Even language has been an issue at school when my oldest daughter and I agreed to avoid the French stream within the public school system. I don’t have an issue with learning new languages but I do have problem with the current French education system in the English schools. Of course our principal disagrees with my take and that’s her prerogative but don’t try to convince me with ridiculous made-up stats. Without following the French language stream my daughter will be able to get into university, she will be able to find employment, and she will be happy as an adult.
Yes we’ve dealt with all of these issues and the ridiculous rationale from the principal as to why these weren’t issues. With school so close to an end you would think we were done with all the silliness but a new snake slithers out.

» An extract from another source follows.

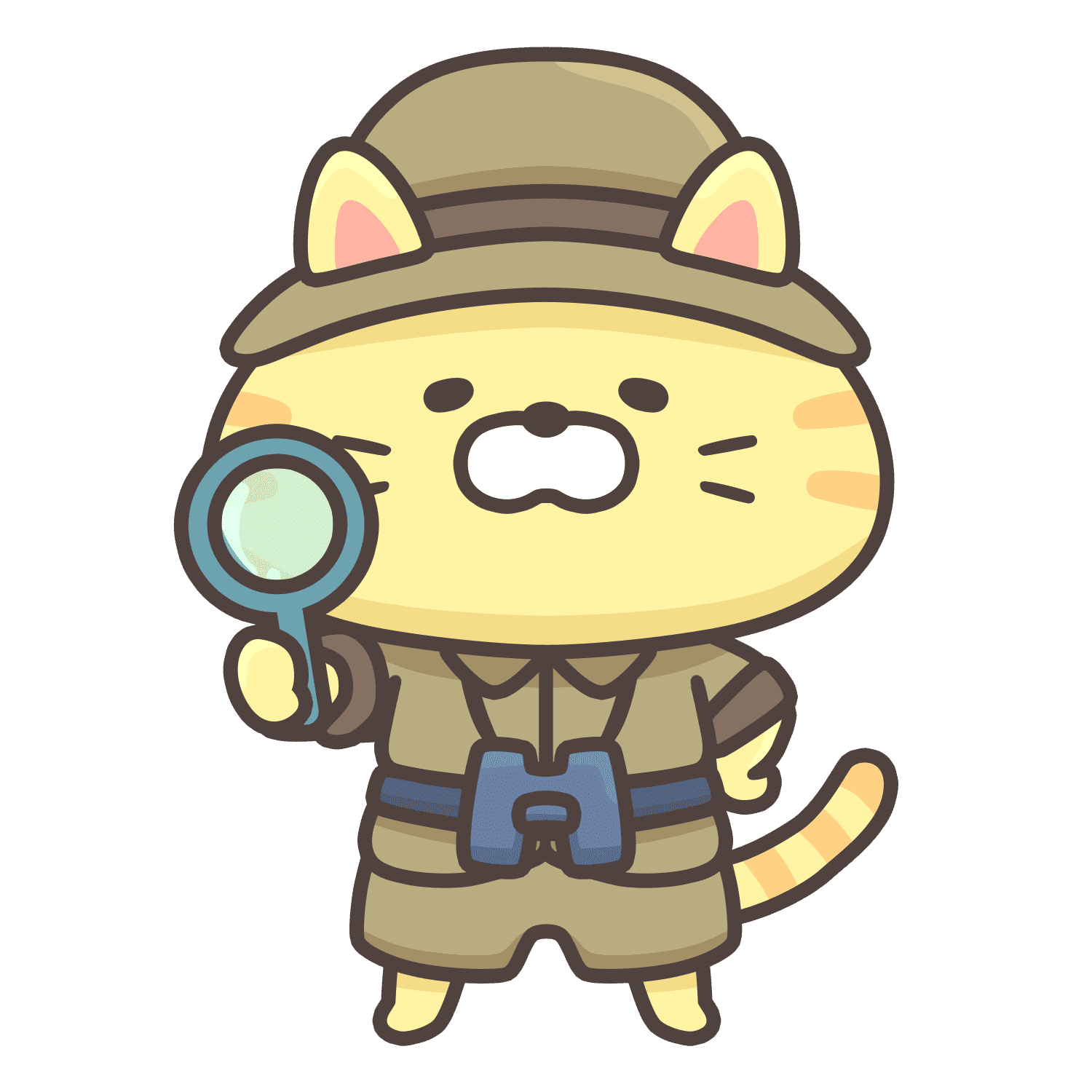 猫のキャラクターのイラスト。猫の色はクリーム色で、冒険家の恰好をしている。帽子をかぶり、右手に虫眼鏡を持ち、首には双眼鏡をぶら下げている。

My oldest daughter has been dealing with a boy who is fixated on her and since she has no real interest in him he’s turned troublesome. He’s making her days at school uncomfortable. We’ve been dealing with the school on this and we thought we had come to a resolution or rather my daughter and I thought we had come to terms with the issue. It seems the school has not. Today a new guidance counsellor is brought into the picture, calling me to request permission to bring the kids together and talk about what the issue is and how they can get along. Really? Isn’t that what they’ve been trying to do for the last 4 weeks? Oh, the previous guidance counselor or principal didn’t brief you? You thought that I would feel compelled to resolve this issue, play the role of the ‘good’ parent? Sorry but rehashing something so that you can be brought up to speed, something that I believe will never get resolved, is not how I want my daughter spending her last few days of school. I think the counsellor was surprised. I think school authority figures are taken aback when parents question their motives.
I don’t profess my kids are perfect. In fact on most of these school issues we’ve also been working on them at home. The school might control their environment but my kids control their behaviour. We need to keep our child’s welfare in mind and if we as parents think something isn’t working, question it. Too often I’ve seen parents guilted or mislead by school authority figures to follow the grain. We teach our kids to question authority and think for themselves. As parents we need to live by example. Perhaps if more parents speak-up about ridiculous claims coming from the mouths of those running schools, we might hear less of these claims.
There is no school utopia out there. You will encounter things you don’t like at any school you attend; running to a new school won’t change that. That doesn’t mean you should just put up with things you disagree with and your kids should know that too. I want all my children to have a positive school experience and I’m not going to let it be skewed by someone who feels they know more about children because they are responsible for 250 students. I know my own children. I am open to working together but it’s the together part that is being forgotten. I’m not stupid. Don’t treat me that way.
Have you ever felt like some authority figures think you’re stupid? Have you had to force issues at school?